Supervisor Sheila Perry made the announcement during the town board’s meeting on Tuesday that she received a phone call from the Department of Environmental Conservation Attorney Scott Abrahamson on Monday stating that copies of a user agreement between the town and DEC were in the mail.
“The beach is a go, which having put so much effort in for two years, I’m very happy to be able to say that,” Perry said.
Perry also introduced the town beach’s head lifeguard, Jonathan Jennings, and his staff of six certified lifeguards who will work at the beach this summer. Those six lifeguards include Katie McCumber, Molly Lake, Matthew Boyle, Sydney Swedick, Samantha Simon and Daniel Dylong.

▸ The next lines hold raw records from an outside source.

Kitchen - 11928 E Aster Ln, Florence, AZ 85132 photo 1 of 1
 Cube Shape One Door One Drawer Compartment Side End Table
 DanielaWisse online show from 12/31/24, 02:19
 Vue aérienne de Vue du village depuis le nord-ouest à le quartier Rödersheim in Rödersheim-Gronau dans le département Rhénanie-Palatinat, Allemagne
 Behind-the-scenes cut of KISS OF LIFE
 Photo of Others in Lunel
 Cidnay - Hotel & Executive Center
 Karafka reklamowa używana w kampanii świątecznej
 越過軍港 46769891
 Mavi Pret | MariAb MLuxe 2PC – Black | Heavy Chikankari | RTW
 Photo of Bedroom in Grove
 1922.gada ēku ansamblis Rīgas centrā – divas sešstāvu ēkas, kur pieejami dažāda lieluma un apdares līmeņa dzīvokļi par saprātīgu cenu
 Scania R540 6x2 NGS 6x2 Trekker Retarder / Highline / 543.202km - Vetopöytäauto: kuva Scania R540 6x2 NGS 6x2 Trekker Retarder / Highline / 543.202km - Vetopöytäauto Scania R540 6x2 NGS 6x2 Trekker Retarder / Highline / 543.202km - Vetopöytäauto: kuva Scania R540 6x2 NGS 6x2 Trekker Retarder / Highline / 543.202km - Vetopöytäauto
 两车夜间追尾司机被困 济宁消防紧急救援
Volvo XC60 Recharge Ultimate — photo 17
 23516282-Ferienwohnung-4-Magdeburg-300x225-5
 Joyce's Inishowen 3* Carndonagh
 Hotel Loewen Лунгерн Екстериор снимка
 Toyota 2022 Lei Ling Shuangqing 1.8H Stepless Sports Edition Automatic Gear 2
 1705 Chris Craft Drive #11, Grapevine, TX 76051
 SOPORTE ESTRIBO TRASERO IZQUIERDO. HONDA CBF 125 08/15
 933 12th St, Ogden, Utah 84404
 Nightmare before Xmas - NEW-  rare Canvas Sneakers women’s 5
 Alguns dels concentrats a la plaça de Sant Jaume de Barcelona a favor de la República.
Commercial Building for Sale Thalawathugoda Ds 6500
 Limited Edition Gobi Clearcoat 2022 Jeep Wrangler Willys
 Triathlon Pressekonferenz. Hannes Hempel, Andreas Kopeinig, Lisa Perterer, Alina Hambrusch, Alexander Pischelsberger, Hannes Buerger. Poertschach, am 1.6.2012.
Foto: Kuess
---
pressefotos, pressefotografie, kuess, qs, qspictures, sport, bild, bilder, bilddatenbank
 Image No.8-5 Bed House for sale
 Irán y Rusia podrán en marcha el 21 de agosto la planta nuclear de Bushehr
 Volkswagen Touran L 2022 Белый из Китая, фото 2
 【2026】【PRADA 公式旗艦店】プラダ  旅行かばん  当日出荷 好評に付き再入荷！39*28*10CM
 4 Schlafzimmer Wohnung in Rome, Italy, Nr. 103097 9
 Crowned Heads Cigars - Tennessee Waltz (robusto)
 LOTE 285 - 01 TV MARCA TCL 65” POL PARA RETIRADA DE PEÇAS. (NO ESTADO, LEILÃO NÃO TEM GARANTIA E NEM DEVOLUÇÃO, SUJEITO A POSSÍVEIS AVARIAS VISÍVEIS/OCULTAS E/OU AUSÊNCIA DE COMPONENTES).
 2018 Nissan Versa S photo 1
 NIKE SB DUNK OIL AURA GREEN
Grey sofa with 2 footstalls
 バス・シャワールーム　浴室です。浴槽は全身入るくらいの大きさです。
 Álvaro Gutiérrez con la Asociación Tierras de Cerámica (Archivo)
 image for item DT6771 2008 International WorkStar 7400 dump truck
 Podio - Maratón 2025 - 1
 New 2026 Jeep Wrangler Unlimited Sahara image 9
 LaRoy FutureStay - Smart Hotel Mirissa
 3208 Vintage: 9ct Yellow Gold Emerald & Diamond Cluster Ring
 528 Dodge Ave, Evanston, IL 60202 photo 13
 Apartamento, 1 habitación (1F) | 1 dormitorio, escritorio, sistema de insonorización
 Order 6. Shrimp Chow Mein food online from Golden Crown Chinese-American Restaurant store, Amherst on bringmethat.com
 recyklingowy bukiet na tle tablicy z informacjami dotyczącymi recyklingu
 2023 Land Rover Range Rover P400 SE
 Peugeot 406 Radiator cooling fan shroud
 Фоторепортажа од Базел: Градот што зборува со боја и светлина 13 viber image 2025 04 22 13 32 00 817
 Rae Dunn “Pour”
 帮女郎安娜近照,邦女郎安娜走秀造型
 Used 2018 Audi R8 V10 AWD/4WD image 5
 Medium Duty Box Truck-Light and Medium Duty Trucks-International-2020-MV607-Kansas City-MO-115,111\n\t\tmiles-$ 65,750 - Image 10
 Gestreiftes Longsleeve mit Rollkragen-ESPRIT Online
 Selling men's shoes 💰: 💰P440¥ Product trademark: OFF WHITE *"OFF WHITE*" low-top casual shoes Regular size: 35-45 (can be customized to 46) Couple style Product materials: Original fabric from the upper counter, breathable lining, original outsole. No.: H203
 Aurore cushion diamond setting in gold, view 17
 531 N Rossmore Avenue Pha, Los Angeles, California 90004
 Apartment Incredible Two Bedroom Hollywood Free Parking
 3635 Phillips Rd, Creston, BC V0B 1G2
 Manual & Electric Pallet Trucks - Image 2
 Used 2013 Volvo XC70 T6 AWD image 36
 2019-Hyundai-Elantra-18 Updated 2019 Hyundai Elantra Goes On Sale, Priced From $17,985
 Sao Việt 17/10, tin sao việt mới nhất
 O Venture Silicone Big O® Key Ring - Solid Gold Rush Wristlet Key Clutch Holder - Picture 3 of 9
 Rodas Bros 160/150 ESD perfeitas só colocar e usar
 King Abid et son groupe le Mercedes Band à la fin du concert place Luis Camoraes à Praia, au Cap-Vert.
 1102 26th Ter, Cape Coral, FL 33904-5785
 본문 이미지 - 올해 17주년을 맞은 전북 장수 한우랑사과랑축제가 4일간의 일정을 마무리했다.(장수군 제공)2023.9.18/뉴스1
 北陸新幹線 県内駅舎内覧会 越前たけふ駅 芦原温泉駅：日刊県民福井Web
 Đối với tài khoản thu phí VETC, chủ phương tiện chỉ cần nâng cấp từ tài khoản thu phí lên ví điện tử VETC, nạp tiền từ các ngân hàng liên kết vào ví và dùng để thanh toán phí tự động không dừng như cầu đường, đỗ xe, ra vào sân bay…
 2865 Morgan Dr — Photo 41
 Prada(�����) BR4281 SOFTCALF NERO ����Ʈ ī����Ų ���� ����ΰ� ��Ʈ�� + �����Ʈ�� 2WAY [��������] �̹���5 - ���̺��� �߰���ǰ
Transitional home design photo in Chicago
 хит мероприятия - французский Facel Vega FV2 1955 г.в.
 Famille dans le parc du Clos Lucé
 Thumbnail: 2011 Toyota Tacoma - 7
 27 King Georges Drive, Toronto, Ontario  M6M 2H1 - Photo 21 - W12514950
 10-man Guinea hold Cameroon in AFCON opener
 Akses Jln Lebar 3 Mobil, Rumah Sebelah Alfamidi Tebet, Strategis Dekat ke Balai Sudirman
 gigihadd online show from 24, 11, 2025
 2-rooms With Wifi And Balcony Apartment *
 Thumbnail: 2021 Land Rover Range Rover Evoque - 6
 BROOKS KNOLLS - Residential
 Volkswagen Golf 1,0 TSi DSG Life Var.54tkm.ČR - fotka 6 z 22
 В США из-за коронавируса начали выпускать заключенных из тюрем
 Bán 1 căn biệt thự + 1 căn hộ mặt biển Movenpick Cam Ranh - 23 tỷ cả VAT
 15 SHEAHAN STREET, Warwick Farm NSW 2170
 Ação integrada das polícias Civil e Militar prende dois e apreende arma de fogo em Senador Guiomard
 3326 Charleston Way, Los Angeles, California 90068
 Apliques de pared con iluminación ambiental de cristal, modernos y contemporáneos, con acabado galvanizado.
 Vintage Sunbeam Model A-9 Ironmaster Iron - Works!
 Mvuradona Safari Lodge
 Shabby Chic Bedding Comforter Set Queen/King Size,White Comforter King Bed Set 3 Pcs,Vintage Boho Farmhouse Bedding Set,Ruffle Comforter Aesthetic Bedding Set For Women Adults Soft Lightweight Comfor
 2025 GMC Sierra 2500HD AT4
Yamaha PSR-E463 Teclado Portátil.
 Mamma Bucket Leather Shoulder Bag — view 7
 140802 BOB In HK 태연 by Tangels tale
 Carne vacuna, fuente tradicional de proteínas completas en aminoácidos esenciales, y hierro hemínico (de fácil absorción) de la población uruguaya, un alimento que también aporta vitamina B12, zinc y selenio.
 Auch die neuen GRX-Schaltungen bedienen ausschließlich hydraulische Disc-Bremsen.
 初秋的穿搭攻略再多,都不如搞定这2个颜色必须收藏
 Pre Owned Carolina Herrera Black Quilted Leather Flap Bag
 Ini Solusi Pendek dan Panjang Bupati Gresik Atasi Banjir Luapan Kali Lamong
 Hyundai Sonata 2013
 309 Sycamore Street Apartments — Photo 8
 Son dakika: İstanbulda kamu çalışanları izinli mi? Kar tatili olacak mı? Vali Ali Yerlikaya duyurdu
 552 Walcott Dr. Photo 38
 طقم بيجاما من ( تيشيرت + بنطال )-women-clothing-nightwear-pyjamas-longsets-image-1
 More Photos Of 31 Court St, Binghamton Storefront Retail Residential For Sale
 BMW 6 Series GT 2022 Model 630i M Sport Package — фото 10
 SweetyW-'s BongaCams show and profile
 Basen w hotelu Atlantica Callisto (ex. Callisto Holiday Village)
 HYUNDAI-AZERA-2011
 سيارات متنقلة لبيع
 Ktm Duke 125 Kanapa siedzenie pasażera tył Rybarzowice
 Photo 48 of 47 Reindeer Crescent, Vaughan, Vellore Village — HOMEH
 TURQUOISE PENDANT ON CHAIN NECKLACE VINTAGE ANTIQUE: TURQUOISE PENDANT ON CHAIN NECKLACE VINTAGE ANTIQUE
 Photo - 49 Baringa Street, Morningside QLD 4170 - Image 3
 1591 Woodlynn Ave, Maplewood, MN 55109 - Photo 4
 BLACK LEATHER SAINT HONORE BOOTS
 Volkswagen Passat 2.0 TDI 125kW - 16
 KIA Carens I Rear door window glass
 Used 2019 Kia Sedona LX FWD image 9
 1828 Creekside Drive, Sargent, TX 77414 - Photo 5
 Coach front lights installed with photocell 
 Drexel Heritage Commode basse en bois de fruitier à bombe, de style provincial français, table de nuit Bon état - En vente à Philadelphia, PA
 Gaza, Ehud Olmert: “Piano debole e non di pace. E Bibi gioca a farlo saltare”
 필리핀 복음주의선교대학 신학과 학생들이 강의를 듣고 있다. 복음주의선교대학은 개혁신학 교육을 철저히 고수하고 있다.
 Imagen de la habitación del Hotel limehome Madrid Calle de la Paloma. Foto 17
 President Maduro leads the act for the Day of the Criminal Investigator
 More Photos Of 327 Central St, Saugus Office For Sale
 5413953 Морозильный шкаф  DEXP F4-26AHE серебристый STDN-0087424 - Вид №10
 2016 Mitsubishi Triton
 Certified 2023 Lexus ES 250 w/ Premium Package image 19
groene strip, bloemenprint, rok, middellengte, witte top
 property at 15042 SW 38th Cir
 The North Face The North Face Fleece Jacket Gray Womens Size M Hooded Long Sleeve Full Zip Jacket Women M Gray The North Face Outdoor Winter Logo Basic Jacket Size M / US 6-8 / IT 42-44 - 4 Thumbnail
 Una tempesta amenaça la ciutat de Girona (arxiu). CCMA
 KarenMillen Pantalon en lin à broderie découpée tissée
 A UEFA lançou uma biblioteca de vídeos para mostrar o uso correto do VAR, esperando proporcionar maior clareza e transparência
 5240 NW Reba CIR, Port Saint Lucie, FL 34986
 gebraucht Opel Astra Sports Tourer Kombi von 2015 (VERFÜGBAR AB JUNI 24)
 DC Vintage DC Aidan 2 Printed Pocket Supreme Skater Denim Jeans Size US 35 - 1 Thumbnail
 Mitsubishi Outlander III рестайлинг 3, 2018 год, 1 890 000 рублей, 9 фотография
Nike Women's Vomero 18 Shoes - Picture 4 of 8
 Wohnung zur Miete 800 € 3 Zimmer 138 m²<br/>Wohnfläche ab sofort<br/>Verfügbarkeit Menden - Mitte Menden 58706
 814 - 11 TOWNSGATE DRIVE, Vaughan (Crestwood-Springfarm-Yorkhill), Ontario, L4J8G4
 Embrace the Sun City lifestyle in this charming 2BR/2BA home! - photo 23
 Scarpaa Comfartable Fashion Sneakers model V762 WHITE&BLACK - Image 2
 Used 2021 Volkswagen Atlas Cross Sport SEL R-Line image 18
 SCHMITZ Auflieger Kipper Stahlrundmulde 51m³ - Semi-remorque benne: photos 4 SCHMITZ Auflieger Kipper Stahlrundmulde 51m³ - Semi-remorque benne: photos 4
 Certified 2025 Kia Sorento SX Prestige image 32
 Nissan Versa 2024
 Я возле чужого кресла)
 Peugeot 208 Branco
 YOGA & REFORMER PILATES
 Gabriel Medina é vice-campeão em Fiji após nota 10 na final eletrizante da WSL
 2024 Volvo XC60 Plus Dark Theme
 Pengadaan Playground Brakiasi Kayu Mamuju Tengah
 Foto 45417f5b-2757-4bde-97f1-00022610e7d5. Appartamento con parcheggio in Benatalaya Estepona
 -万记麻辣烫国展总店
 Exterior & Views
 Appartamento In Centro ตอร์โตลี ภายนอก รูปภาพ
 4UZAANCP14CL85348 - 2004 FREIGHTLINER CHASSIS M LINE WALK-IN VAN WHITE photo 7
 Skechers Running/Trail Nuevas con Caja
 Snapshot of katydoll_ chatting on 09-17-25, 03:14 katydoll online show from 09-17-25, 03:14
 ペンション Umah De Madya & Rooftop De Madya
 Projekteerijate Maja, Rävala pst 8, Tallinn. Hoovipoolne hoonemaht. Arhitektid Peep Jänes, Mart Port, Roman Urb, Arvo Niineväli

The lifeguards will have the responsibility to maintain a safe swimming environment by enforcing the rules and regulations of the beach, and reporting any issues, Perry said.
The town beach closed in 2010 for financial and operational reasons. Although the beach remained closed, several people were recreating there illegally which concerned surrounding property owners who reported several serious criminal occurrences. In 2017, DEC blocked off the site and any trespassers were arrested.
Perry said in August 2017 while she was a candidate for town supervisor, a petition containing 267 valid signatures had been given to the previous town board supporting a referendum which was voted on in November 2017 that stated, “Shall the Town of Broadalbin initiate discussion with the DEC to explore renewing operation of the beach adjacent to the DEC Boat Launch in said Town.”
Since then, the current board has been working with DEC to re-establish the beach.
Perry said the town first began working with Robert Smullen, who advocated for the town from the Hudson River-Black River Regulating District, until he left his job to run for state assembly. The town then began working directly with DEC Regional Director Robert Stegman.
“Without going into a long description of the hurdles and success and disappointments along the way, I will say without the initial guidance of Robert Smullen, and later the immense assistance and encouragement from Fulton County Planning Director Scott Henze, and the perseverance of Town Board liaison David Bogardus, I don’t believe this project could have been brought to this happy conclusion,” Perry said. “We thank Director [Robert] Stegeman and Robert Fiorentino of the DEC for coming to this agreement.”
The town plans to narrow the actual bathing beach from 300 feet to 175 feet.
“A narrower beach will be easier to staff and safer to patrol for our lifeguards,” Perry said. “The DEC has asked that 10 spaces be designated for boaters using the beach lot, those spaces will be farthest from the shore; the remaining 50 spaces will be for beach parking only.”
The town will coordinate with the Fulton County Sheriff’s Office to add their patrol to the site and to enforce no parking on Lakeview Road in the area of the launch entrance. A guard will be stationed at the entrance of the beach parking lot during all hours of operation to collect parking fees assessed by the town and control proper use of the lot.
Gates will be installed to close off beach access when not in operation, and signage will be placed stating hours of operation.
Portable toilet facility units will be in place, as well as a hand-washing station.
The beach will be open from July 1 to Aug. 31 with hours of operation from 11 a.m. to 7 p.m.; weather permitting.
The beach will be open to residents, non-residents and tourists visiting the area.
Unlike the past where a variable fee was charged, access to the beach will be free for everyone, but the town will charge a fee for parking.
“We hope that our efforts will assist in the preservation of this natural asset within the borders of our municipality and enhance the visitor experience,” Perry said.